Stop Clicking and Start Talking: Build Voice Commands in JavaScript

Learn how to make your web apps respond to your voice using the SpeechRecognition API, no frameworks, no cloud, just pure JavaScript.

Introduction

Wouldn’t it be great if you could just tell your web app what to do?

No more clicking tiny buttons, scrolling endlessly, or typing commands. Just say “Dark mode on” or “Search for JavaScript tutorials,” and your site reacts instantly.

That’s not sci-fi.
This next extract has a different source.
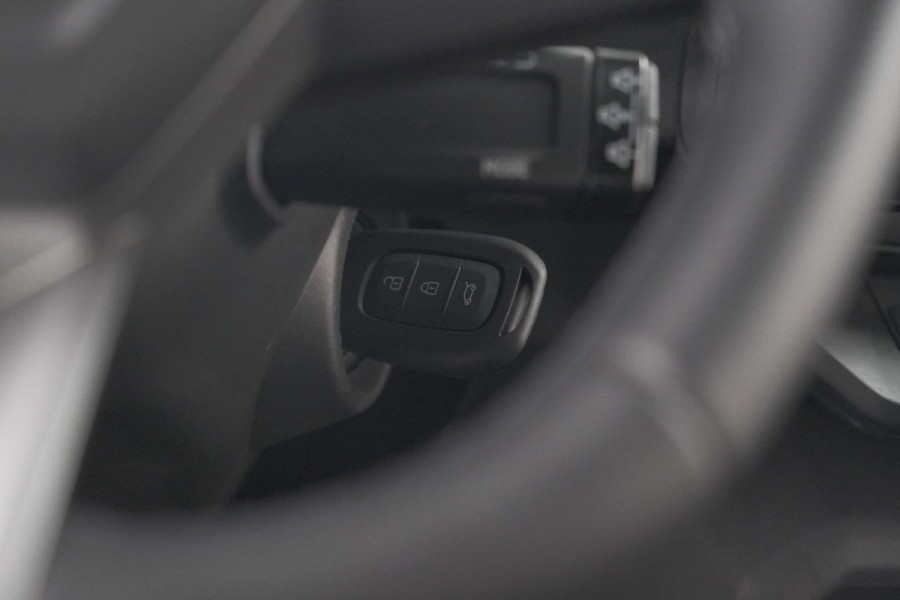 Dacia Duster TCe 130 mild hybrid Expression | Camera | Stoelverwarming | Apple Carplay | Navigatie Dacia Duster TCe 130 mild hybrid Expression | Camera | Stoelverwarming | Apple Carplay | Navigatie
It’s the SpeechRecognition API, a native web feature that lets your browser listen, transcribe, and act on voice input all without external APIs or libraries.

In this post, we’ll build a simple yet powerful voice-controlled app using nothing but plain JavaScript.
You’ll learn how to:

Capture live speech
Convert it to text in real time
Trigger actions based on keywords
Make your app talk back

Let’s give your browser a voice.

1. Meet the SpeechRecognition API

The SpeechRecognition API (also called the Web Speech API) is built into modern browsers.
It allows developers to access the user’s microphone, process audio, and return a text transcript.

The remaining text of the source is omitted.